James Madison, the Father of our Constitution, was a man of faith. His statements on the fact that this country was founded on Scriptural principles has been edited out of the revised history text books, along with parts of George Washington’s farewell address. These were men of faith. Less well known is the faith of many of the leading women of the period. A few, like Martha Washington and Dolly Madison, have received a lot of attention. Dolly Madison , wife of the fourth president of the United States, was one of the most popular women in American history. Wherever she went, she charmed and captivated everyone obscure and well-known, rich and poor, men and women alike.

She was once asked to explain the secret of her power over others. Surprised by the question Mrs. Madison exclaimed, "Power over people. I have none. I desire none. I merely love everyone." And those who love are richly rewarded by love returned [BI].

God would have us love Him with all our heart, soul, mind, and strength. He would have us to love our neighbor as we love ourselves. And, He would have us appreciate fully His love for us and the love we receive from others.

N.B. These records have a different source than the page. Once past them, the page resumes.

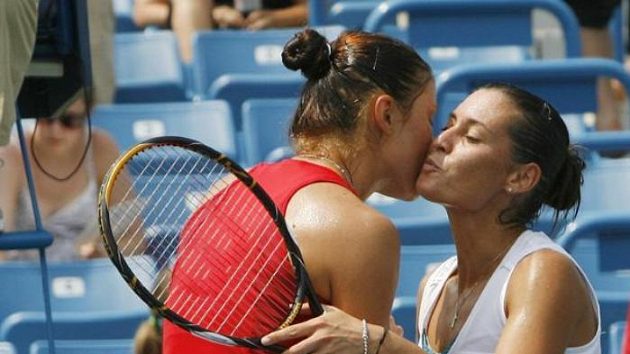 Italská tenistka Flavia Pennettaová (vpravo) gratuluje k postupu Rusce Dinaře Safinové. Italská tenistka Flavia Pennettaová (vpravo) gratuluje k postupu Rusce Dinaře Safinové.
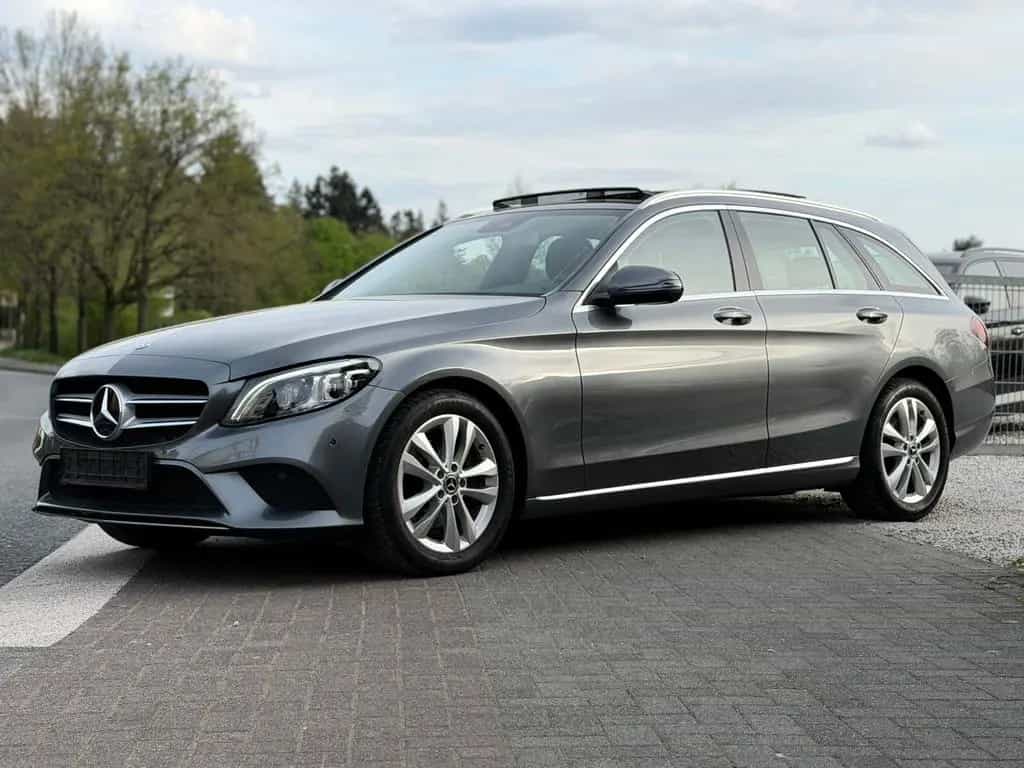 Mercedes-Benz C 220 d *Panorama* MultiBeam LED Rkam Totwinkel 08/2018-photo-38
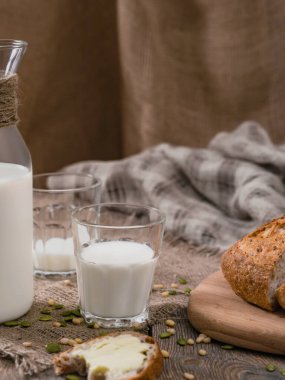 Dünya Süt Günü 'nde süt ve ekmekle birlikte yemek. Dikey çekim.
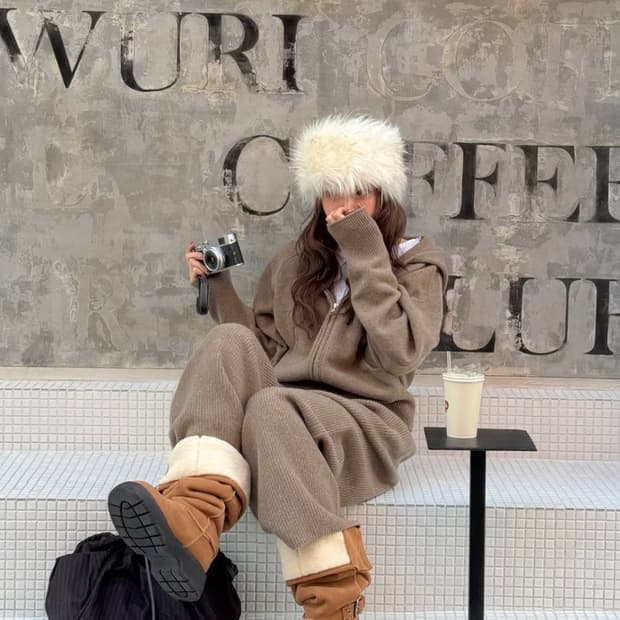 ERA 이알에이 캐시미어 니트 셋업(후드집업 + 팬츠)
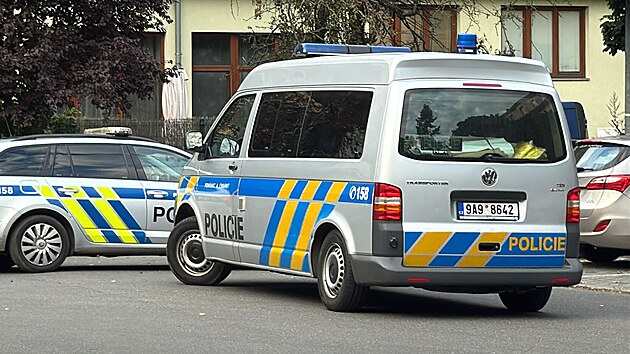 Policist� vy�et�uj� smrt seniorky v pra�sk�ch Kbel�ch jako vra�du. (29. z��� 2025)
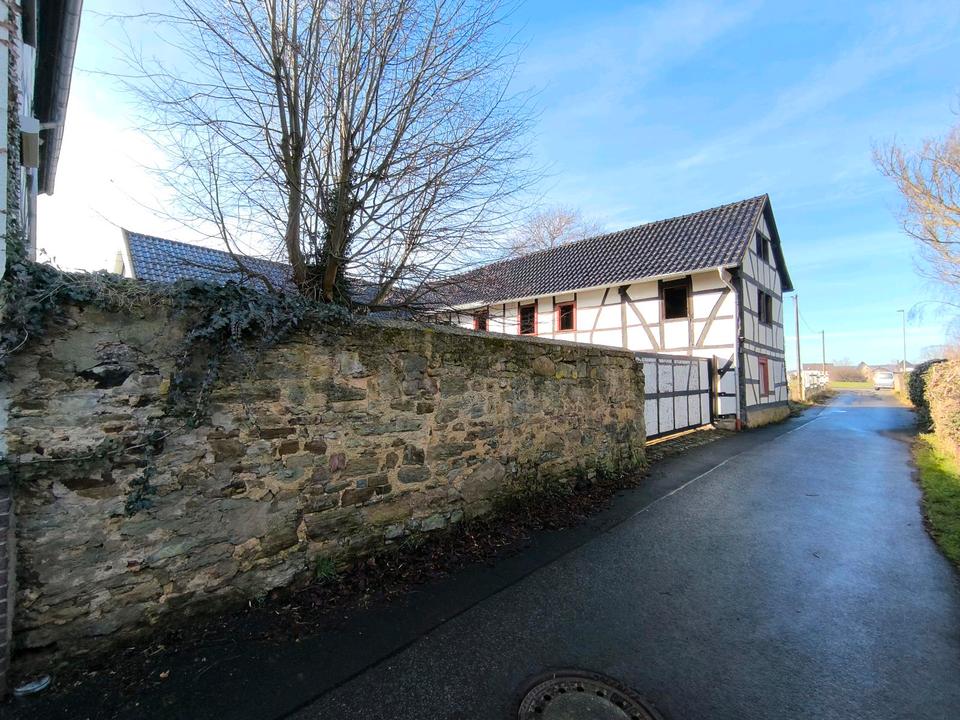 Thumbnail-Denkmalgeschützte Fachwerk Hofanlage um 1900 HandwerkerLiebhaber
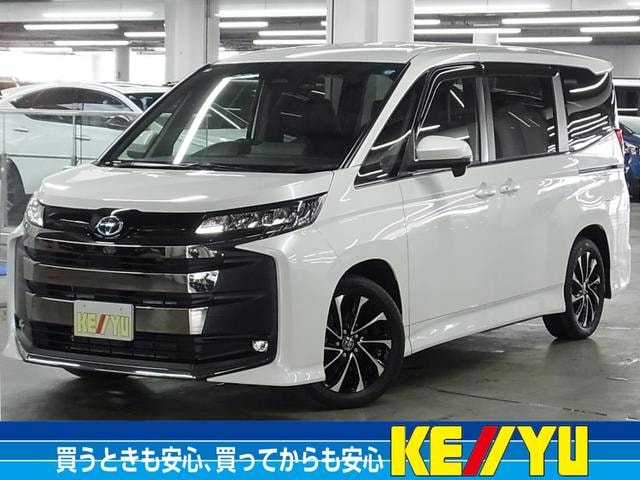 Toyota NOAH 2023 — фото автомобиля 1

John wrote, “And this commandment we have from Him, that the one who loves God should love his brother also.” Now, what I would urge you to do today is to confess that you need to grow in your love for our Lord and for others - if you are satisfied, you are not going to get much from this message. If you confess that you need help, the Holy Spirit is ready to bless you with a greater capacity for love and open for you more vistas and possibilities for joy and fulfillment than you have ever imagined possible. He wants to bless you and this is the starting place.